In 2011, Montréal submitted its application to the Council of the Federation of Law Societies of Canada with respect to how its J.D. would meet the National Requirements. More information on the program is found below.
As stated on the FLSC website, among other conditions that must be met by UdM,
The Federation’s recommendation for approval will now go to the individual law societies for their review and approval, as they have the ultimate authority to recognize Canadian law degrees conferred upon individuals seeking admission to law society bar admission programs.
In Canada, each provincial and territorial law society determines whether the holder of a Canadian law degree is entitled to apply for admission to its bar admission or licensing program.
The Federation of Law Societies of Canada has the authority to review and make recommendations with respect to new Canadian law degree programs leading to the conferral of common law degrees.
If the UdM Juris Doctor program obtains final approval, graduates of this new common law program with a Juris Doctor appellation will have the option to enrol in any one of the law societies in any Canadian common law jurisdiction and some United States bar associations that recognize the degree, such as New York and Massachusetts.
Prior to this, UdM law graduate who wanted to practice outside of Quebec but in Canada would sometime have to obtain a Certificate of Qualification issued by the National Committee on Accreditation (NCA) before they could seek admission to the law society of their choice.
According to the FLSC report on UdM’s submission for the new J.D. program, the university says that the program’s objectives are:
- To provide students with an understanding of the institutions and history of the Canadian and US common law systems
- To enable students to proceed to comparative analyses of common law and civil law systems
- To provide students with comparative skills in the main areas of Anglo-Canadian and American law
- To enable students to develop a critical approach and outlook on Quebec, Canadian and American law
- To impart students with the ability to use different legal systems to bring innovative solutions to complex problems
- To offer students holding a bachelor degree recognized by the Quebec Bar a training that gives them the opportunity to be admitted to the Bars of common law provinces or other common law jurisdictions
Among other considerations sought from UdM by the FLSC to meet the requirements of the national common law program (see Appendix A of the report), the university is adding two more classes to its program: Integration Workshop (problem-solving, research and oral and written legal communication skills) and Ethics and Professionalism, which requires students to demonstrate “an awareness and understanding of the ethical requirements for the practice of law in Canada.”

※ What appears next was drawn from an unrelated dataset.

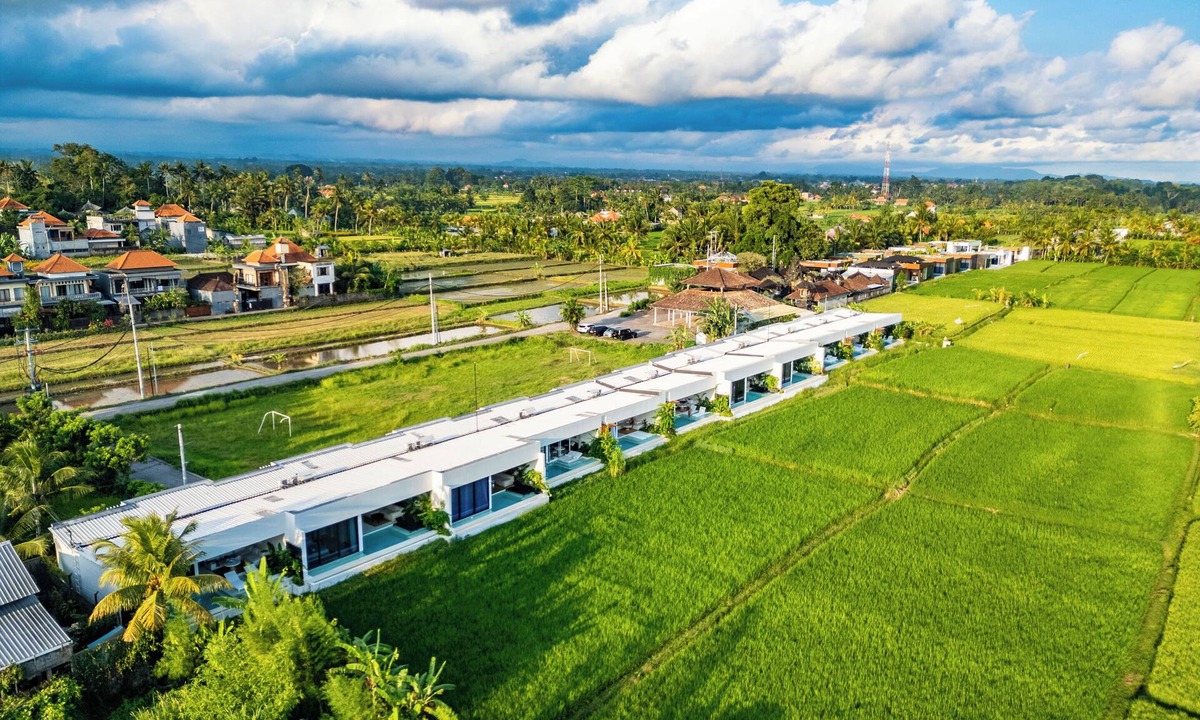 Sayan Villa | Green Flow Villas Complex Ubud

The lists of criteria that UdM is required to meet to obtain final approval of the standard for the national J.D. program are found in the report (see above link).
The J.D. is a graduate degree requiring applicants to have an LL.B. degree with a minimum average of 2.7/4.3. Students are expected to demonstrate their command of both French and English.

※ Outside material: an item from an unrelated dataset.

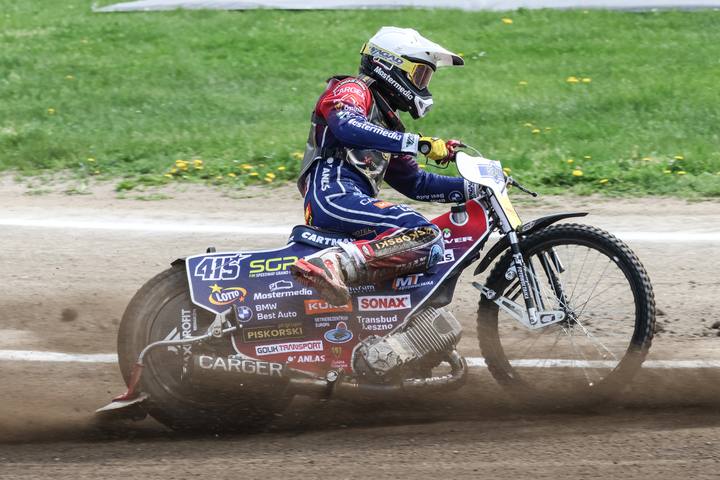 Speedway. Polish Golden Helmet. Final. 21.04.2025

The J.D. program is composed of 11 courses (32 credits). The academic programs submitted for recognition last on average four years and total 133 credits (101 for the LL.B. and 32 for the J.D.).
Note that UdM will not accept graduates with civil law degrees from non-Canadian universities into the J.D. program.
Many other Canadian universities already have common law programs or have implemented JD programs that meet the FLSC national standards, among them McGill university, University of Ottawa and the University of Windsor. So this is not a first in Canada or in Quebec. What makes this a great initiative, now Quebec students who want to study common law in Quebec with the option to work outside of Quebec have another option than having to apply at McGill.
This seems like a positive move at a time when labour mobility initiatives are facing obstacles and Canadians as well as Quebecers are looking farther from home for work. And any action to increase trans-jurisdictional understanding of Canadian laws should have positive results. Maybe if the lawyers can start agreeing to get along, it’s possible to imagine the premiers will get along too.